Get another job. I don't care what a dream this job is. It is ruining your
health and making you miserable.

Or: This is your dream job, so move to Amsterdam. Will they not help you get a
visa for Amsterdam? Amsterdam is probably awesome. Oh, the beer they have
there. Of course, your girlfriend may not want to go to Amsterdam; they may
have a poor market for American nurses. And then there's the dog.

If you can't do Amsterdam at least consider the East Coast. 4am to 1pm is a
whole different ballgame than midnight to 9.

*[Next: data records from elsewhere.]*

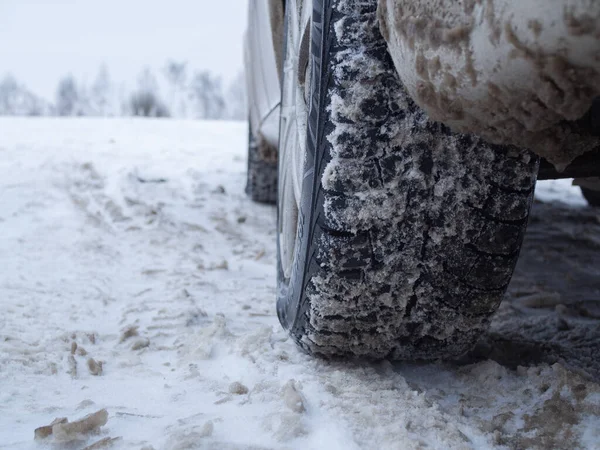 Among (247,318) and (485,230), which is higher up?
(485,230)

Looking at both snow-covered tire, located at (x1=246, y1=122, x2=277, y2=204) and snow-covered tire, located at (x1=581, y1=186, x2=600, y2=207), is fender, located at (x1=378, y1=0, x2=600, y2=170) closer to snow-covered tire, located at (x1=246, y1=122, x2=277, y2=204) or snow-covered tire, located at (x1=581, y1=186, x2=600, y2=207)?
snow-covered tire, located at (x1=246, y1=122, x2=277, y2=204)

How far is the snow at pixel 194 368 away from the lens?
107cm

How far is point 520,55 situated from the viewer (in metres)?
0.69

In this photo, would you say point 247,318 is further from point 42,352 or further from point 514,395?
point 514,395

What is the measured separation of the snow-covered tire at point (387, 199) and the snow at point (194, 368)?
0.18 meters

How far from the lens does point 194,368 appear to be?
1.35 metres

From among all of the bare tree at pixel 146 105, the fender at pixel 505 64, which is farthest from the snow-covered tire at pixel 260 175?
the bare tree at pixel 146 105

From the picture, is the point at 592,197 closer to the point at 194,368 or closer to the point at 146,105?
the point at 194,368

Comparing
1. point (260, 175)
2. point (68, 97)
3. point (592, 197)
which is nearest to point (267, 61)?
point (260, 175)

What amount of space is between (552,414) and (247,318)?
0.88 meters

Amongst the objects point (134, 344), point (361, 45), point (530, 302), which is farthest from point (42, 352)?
point (530, 302)

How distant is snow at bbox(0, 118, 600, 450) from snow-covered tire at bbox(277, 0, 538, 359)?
0.58ft

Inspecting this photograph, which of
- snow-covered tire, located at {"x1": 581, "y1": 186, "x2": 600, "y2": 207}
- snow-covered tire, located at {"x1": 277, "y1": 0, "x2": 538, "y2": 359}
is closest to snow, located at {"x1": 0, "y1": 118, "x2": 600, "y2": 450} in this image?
snow-covered tire, located at {"x1": 277, "y1": 0, "x2": 538, "y2": 359}

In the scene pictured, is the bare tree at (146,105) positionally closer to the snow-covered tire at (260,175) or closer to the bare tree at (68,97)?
the bare tree at (68,97) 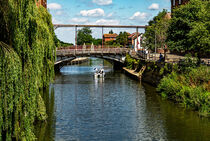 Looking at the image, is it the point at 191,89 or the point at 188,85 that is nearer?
the point at 191,89

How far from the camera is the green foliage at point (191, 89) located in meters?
27.1

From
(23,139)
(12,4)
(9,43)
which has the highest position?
(12,4)

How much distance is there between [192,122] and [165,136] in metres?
4.55

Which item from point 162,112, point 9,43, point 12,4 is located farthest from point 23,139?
point 162,112

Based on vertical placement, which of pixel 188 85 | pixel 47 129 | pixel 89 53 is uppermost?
pixel 89 53

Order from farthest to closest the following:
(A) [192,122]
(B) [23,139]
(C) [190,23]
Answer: (C) [190,23] → (A) [192,122] → (B) [23,139]

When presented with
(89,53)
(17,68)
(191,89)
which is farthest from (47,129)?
(89,53)

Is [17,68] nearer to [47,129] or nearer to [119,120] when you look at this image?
[47,129]

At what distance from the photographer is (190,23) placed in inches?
1542

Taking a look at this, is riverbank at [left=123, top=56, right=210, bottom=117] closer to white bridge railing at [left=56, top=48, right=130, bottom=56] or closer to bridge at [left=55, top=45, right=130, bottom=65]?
white bridge railing at [left=56, top=48, right=130, bottom=56]

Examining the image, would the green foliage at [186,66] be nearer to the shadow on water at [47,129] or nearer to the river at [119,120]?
the river at [119,120]

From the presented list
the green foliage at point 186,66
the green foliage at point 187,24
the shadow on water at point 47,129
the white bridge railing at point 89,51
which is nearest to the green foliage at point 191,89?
the green foliage at point 186,66

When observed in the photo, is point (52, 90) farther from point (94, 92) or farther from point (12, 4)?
point (12, 4)

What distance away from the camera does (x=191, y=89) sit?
29531mm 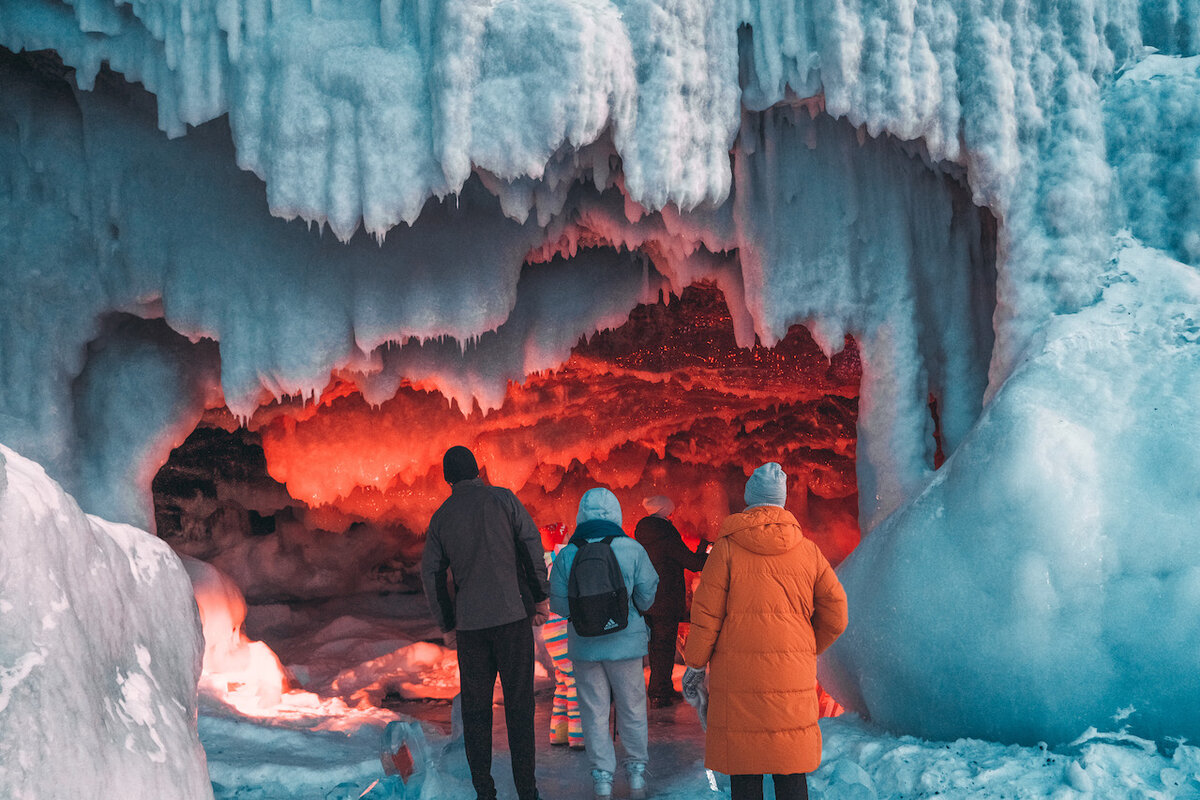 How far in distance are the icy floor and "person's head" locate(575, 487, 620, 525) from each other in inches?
48.2

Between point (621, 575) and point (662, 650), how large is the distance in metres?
2.25

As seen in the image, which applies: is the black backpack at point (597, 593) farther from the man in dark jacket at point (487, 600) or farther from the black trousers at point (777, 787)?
the black trousers at point (777, 787)

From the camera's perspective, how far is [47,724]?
223 cm

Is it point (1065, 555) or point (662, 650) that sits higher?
point (1065, 555)

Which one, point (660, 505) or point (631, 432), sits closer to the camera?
point (660, 505)

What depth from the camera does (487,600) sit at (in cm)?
395

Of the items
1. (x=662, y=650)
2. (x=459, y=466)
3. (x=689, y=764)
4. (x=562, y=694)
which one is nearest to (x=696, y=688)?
(x=459, y=466)

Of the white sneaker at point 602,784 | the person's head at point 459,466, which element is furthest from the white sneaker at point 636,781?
the person's head at point 459,466

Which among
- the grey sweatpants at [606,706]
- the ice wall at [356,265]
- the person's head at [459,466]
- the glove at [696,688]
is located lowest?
the grey sweatpants at [606,706]

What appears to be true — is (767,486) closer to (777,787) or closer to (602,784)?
(777,787)

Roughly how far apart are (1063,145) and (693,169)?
1746mm

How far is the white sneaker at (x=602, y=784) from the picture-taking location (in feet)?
14.3

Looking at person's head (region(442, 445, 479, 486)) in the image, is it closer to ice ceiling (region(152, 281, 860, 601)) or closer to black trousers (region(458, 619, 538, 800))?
black trousers (region(458, 619, 538, 800))

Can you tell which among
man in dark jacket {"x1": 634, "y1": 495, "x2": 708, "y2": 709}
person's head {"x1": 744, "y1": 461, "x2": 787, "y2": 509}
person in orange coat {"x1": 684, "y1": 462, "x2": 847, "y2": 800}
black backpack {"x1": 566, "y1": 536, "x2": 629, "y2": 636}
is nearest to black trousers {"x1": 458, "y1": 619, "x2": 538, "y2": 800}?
black backpack {"x1": 566, "y1": 536, "x2": 629, "y2": 636} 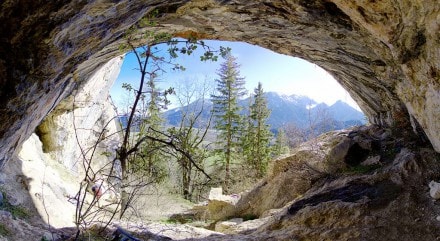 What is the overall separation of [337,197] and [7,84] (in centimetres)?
701

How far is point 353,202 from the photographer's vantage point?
6691 mm

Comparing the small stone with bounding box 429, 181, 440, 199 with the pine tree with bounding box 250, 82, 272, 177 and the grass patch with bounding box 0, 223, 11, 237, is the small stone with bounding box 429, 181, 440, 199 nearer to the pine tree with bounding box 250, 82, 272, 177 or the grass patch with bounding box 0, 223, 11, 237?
the grass patch with bounding box 0, 223, 11, 237

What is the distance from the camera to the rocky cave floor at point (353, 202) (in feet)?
18.6

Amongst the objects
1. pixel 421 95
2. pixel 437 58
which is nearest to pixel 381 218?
pixel 421 95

Having exhausted the obvious advice, I'm not sure what to tell you. You should
read a couple of books on sleep science. They will tell you what you probably
already know: Humans are designed to have biological clocks that are reset by
light, trying to fight this is hard for just about everyone, even the people
who insist it doesn't affect them are almost certainly wrong at some level,
you pretty clearly aren't one of those people, and if you are unusually
sensitive this schedule will totally mess you up. You're doing the right
things, with the caffeine and the exercise, but between your obviously
impaired mental state [1], your potential incipient depression, and the social
isolation it sounds like a recipe for serious ill health.

So I'm back to square one with the advice: Look for another job. They say
there are jobs for programmers on the West Coast. Surely there are one or two.
Listen to your dog. Every afternoon he tries to tell you: LISTEN CRAZY HUMAN
IT IS CALIFORNIA SUNSHINE OUT THERE WE SHOULD BE AWAKE WHAT ARE YOU THINKING I
AM NOT SOME KIND OF BAT-DOG. The dog is smart. Dogs are not crazy enough to
torture themselves, gulping the Ambien and going on crazy 28-hour benders and
living like a mole, over some job six thousand miles away. Dogs live in the
now.

\---

[1] obvious to you, I mean. You sound quite functional and self-aware to me.
Imagine how smart you must sound when you're fully awake!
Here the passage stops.